[OpenID] The HTTPS in the OpenID (Re: Bug in OpenID RP implementations)
Peter Williams
pwilliams at rapattoni.com
Mon Jan 5 04:16:24 UTC 2009
Eric
Are you comfortable with the truth of the following wording:
"This attack method could allow an attacker to generate additional digital certificates with different content that have the same digital signature as an original certificate."
Ae you telling me that no exploitation of that attack method actually occurred, as expressed above?
That is: noone "generate(d) additional digital certificates with different content that have the same digital signature as an original certificate."
If so I hereby apologise.
-----Original Message-----
From: Eric Norman <ejnorman at doit.wisc.edu>
Sent: Sunday, January 04, 2009 7:13 PM
To: OpenID List <general at openid.net>
Subject: Re: [OpenID] The HTTPS in the OpenID (Re: Bug in OpenID RP implementations)

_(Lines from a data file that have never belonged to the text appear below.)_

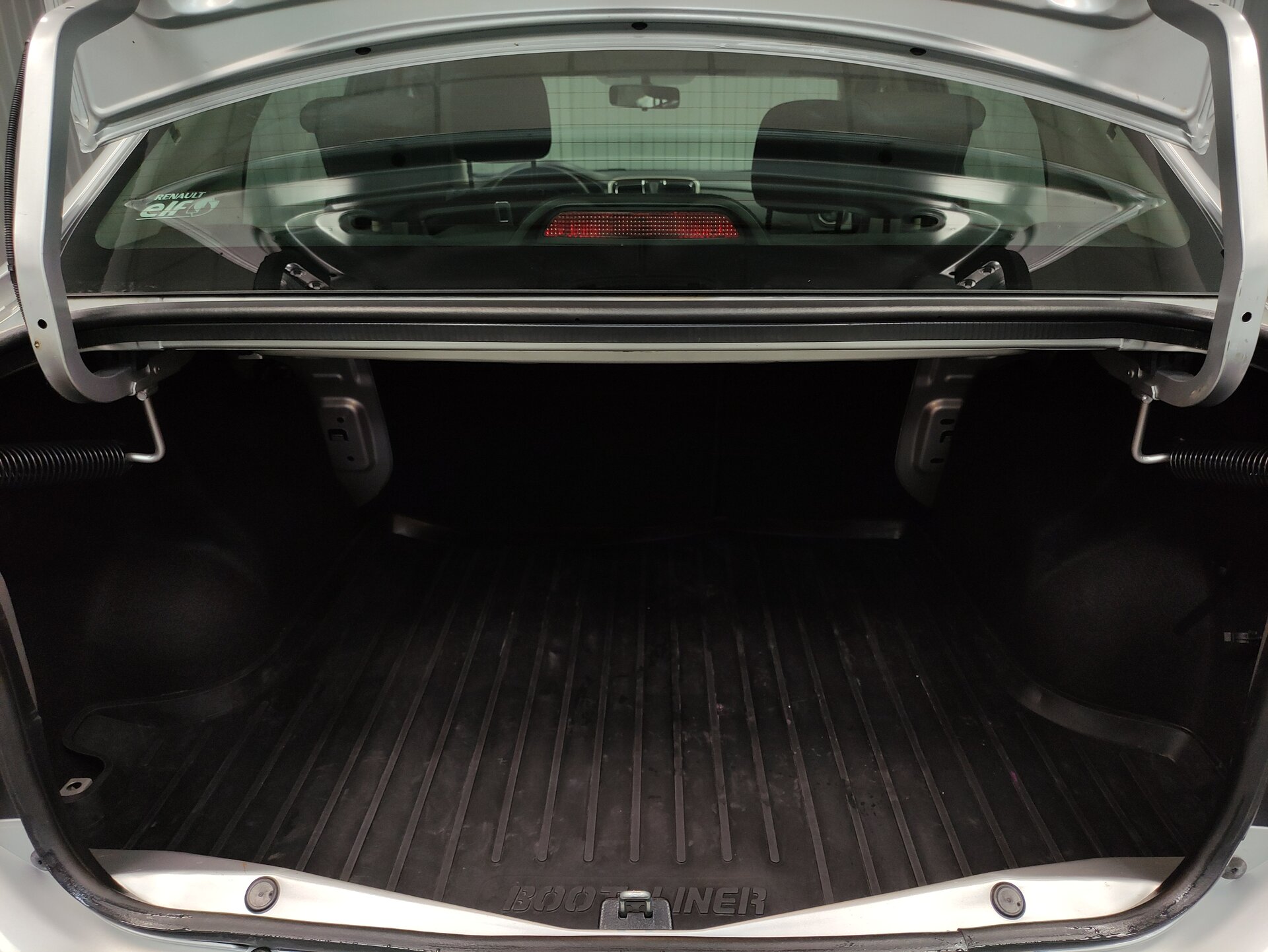 Renault Logan, II 2017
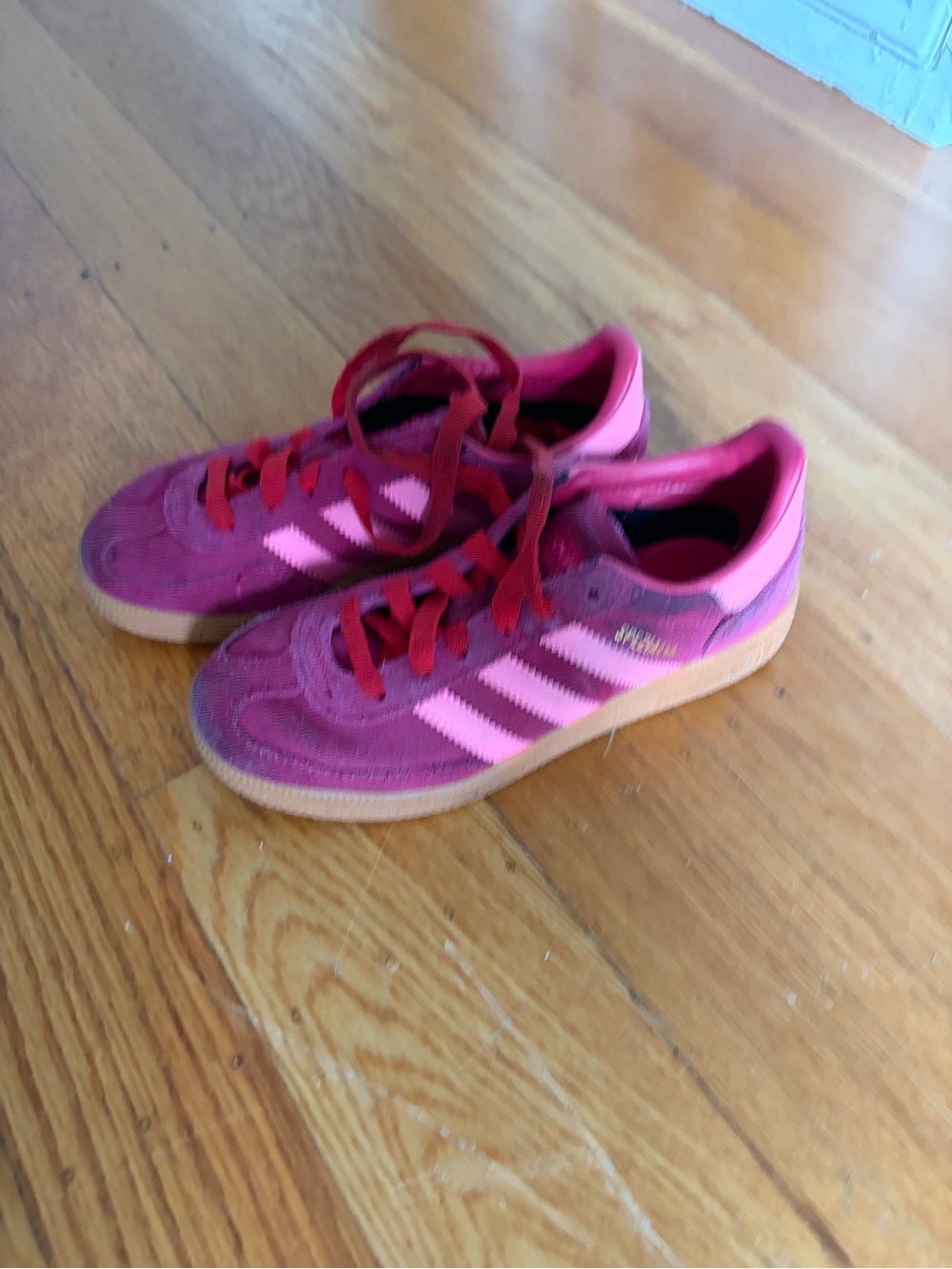 Adidas Kids Handball Spezial Suede Sneakers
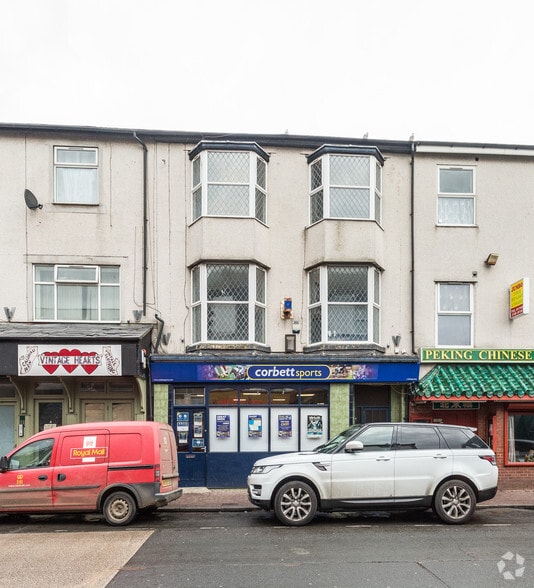 12-16 Bodfor St, Rhyl for sale - Primary Photo - Image 1 of 1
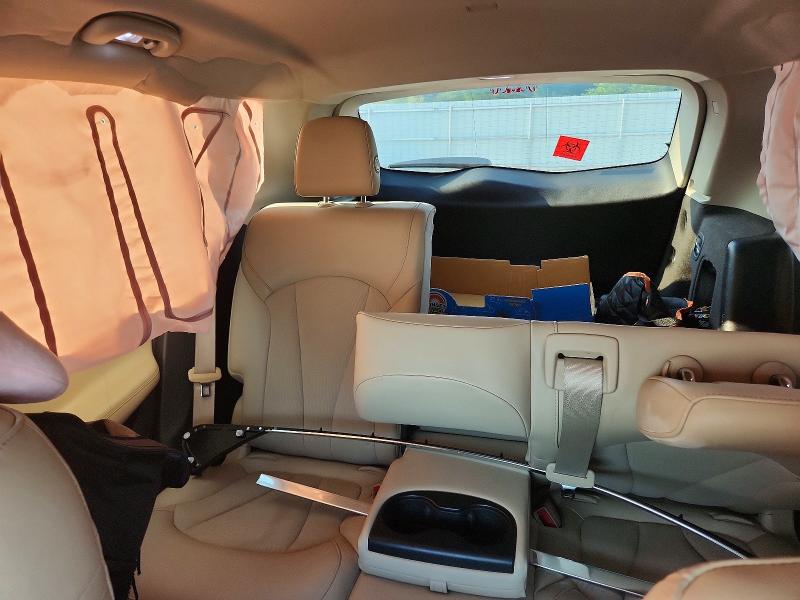 Aukcja sprzedaży 2020 Buick Envision, vin: LRBFXBSA5LD018707, numer aukcji: 66009686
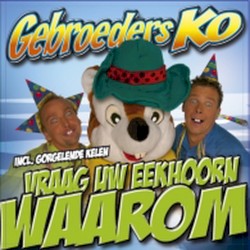 Vraag uw eekhoorn waarom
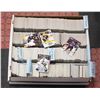 Image 1 : ESTATE LONG BOX OF ASSORTED BASE SPORTS CARDS
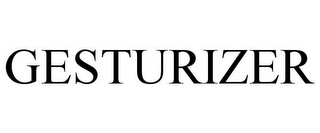 GESTURIZER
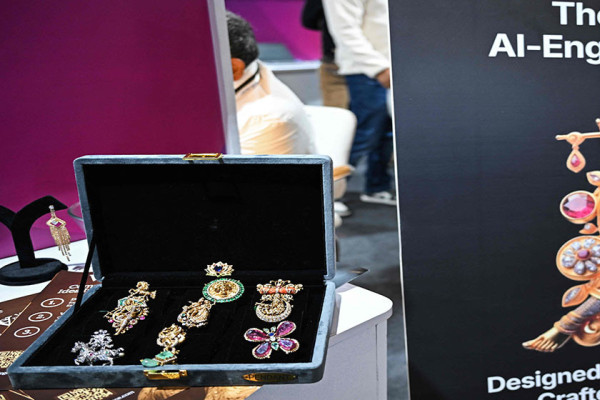 एआईले बदल्दै गहना उद्योग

On Jan 4, 2009, at 8:36 PM, Peter Williams wrote:
>
> On a https thread we are allowed this topic. The whole topic is really
> about trust networking, with a non-ttp bent (in favor of a uci bent).
> What we learned (all of us, this week) is that trust networking needs
> lifecycle management. Its not about prevention (your critique): its
> about recovery.
>
> Insertion of an unauthorized ca into a pki was a compromise event in
> the itsec claims about the pkis I learned from (in the days before the
> term pki was even coined).
No such compromise event happened.
> On uci... and peters notions. If openid movement just equals shib2
> movement on what uci means, one might as well just use shib2/saml2
> (its the same websso detergent, "now with added uci!").
>
> On your question, its irrelevant to me at this high level juncture
> whether the op asserion is a proxy for user cross certification of
> the ca public key, or the user does it with a personal signing key
> (per actual existing x509 procedures, and entrust pki principles). One
> is doable today with openid auth 2.0 (with tiny shift by willing rp
> entities wanting to address vanity https domains), the other require
> yet more pki - which has been a miserable failure (even after 15 years
> of trying) in other client areas contigent on mass adoption by ipki
> users. We also don't even really need openid or saml (pr ws fed), if
> huge numbers of folks have signing keys and therefore ssl client certs
> and messaging signed-token making power. ssl brings websso for free,
> lets recal. 'ut what we would lose are properties of the very nice uci
> vision (aka user-defined, per RP, release controls for attributes).
> These are control properties specific to the openid design concept,
> and which shows excellent signs of rapidly scaling p to handle ~6
> billion users.
My question to you could have been answered with a yes or no.
I don't know which way you answered it.
I read what you were saying elsewhere that "user centric" meant
(among other things) that users could control their own trust
anchors. I suggested a way that this could be done that would
reduce the number of trust anchors that need to be protected.